Paper Structure (12 sections, 5 equations, 4 figures)

This paper contains 12 sections, 5 equations, 4 figures.

Figures (4)

  • Figure 1: The CFM flow model will generate a successful grasp pose for a Finray gripper, given an AnyGrasp pose that is generated on an object.
  • Figure 2: An overview of the Conditional Flow Matching (CFM) framework for grasp synthesis mapping. (a) The core concept of the CFM model that learns a continuous transformation (a "flow path") from an initial rigid gripper pose generated by Anygrasp ($\mathcal{G}_{Anygrasp}$) to a target soft gripper pose ($\mathcal{G}_{\text{CFM}}$). This transformation is guided by a learned, conditional velocity field $\mathbf{v}_\theta$. (b) This shows the architecture of the feed-forward MLP that parameterizes the velocity field $\mathbf{v}_\theta$. It takes the current grasp pose $\mathcal{G}(t_c)$, the progression parameter $t_c$, and the scene condition vector $\mathbf{c}$ as input to predict the direction of the flow. (c) This depicts the U-Net Autoencoder used to generate the condition vector $\mathbf{c}$ at the bottle-neck. It processes a raw depth image, compressing it into a latent vector that captures the object's geometry.
  • Figure 3: The experimental setup and dataset used for learning the grasp pose transformation. (a) This shows the data validation pipeline for validating the CFM model, which involves moving the robot from a home position to a pre-grasp pose derived from $\mathcal{G}_{Anygrasp}$ or $\mathcal{G}_{\text{CFM}}$, executing the grasp on the object, and lifting it. (b) This section displays examples from the training and unseen datasets for a variety of objects.
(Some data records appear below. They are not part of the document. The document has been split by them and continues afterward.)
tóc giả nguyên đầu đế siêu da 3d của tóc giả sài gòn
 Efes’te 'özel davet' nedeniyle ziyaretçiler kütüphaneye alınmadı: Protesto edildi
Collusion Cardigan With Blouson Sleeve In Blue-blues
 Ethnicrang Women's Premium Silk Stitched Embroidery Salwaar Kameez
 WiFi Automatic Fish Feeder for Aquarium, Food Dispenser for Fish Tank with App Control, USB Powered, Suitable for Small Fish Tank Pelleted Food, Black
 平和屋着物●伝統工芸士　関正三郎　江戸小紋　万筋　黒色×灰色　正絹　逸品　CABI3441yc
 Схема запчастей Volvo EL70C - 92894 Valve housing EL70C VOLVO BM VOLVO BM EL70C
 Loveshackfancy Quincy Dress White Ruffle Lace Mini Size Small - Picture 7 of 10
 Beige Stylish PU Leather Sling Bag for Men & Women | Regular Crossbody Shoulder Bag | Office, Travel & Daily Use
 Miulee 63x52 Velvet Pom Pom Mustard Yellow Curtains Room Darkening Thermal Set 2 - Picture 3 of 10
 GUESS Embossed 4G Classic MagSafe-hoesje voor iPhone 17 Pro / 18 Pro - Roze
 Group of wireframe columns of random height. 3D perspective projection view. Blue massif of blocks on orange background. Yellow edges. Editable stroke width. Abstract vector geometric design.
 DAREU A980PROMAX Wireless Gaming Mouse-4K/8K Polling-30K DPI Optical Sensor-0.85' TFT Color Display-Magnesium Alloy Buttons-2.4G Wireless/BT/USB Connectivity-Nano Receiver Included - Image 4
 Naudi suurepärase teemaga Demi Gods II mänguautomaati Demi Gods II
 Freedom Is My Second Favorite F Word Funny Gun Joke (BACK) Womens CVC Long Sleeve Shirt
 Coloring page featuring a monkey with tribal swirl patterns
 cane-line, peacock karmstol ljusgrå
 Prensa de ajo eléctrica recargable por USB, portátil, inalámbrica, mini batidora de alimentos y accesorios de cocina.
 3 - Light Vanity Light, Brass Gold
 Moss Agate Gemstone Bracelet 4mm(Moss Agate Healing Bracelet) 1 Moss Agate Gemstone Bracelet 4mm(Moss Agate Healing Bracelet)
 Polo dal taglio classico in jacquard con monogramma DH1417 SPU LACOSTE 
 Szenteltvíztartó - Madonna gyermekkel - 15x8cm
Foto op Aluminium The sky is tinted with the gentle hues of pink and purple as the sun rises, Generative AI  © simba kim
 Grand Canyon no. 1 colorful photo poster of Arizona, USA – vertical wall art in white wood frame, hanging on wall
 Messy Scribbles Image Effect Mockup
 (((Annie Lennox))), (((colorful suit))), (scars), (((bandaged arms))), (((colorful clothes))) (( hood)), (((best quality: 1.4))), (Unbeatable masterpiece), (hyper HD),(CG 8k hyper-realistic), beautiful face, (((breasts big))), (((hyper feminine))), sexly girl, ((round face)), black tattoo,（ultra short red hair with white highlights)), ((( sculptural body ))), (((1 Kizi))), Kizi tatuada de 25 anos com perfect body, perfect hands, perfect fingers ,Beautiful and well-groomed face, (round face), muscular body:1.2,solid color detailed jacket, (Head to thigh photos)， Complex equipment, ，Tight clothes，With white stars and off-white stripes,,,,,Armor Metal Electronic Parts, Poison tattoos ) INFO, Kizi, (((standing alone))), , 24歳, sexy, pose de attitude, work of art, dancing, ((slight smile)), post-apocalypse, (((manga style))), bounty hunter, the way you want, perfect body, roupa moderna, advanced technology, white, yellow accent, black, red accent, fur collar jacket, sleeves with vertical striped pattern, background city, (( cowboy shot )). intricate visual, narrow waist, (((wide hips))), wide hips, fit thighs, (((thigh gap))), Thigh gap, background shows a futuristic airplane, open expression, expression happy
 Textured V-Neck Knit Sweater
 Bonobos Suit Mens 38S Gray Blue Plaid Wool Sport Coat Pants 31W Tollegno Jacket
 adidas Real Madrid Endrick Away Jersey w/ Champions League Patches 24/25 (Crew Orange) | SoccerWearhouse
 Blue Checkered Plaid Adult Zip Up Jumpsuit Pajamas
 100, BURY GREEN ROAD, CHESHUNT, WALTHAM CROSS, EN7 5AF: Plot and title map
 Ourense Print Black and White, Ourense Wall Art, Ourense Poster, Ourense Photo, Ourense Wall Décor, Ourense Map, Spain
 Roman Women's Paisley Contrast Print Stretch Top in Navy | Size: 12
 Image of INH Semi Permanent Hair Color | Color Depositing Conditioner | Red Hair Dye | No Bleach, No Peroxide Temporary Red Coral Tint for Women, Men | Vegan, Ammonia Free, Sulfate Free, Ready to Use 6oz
Each entry includes the grasp execution, the corresponding point cloud ($\mathcal{P}$), the initial rigid gripper pose from AnyGrasp ($\mathcal{G}_{Anygrasp}$, shown in magenta), and the manually adjusted, successful soft gripper pose ($\mathcal{G}_{\text{CFM}}$, shown in green).
  • Figure 4: Benchmarking results comparing the grasp success rates of the CFM-generated soft gripper poses ($\mathcal{G}_{{soft}}$) against the original AnyGrasp poses ($\mathcal{G}_{{Anygrasp}}$).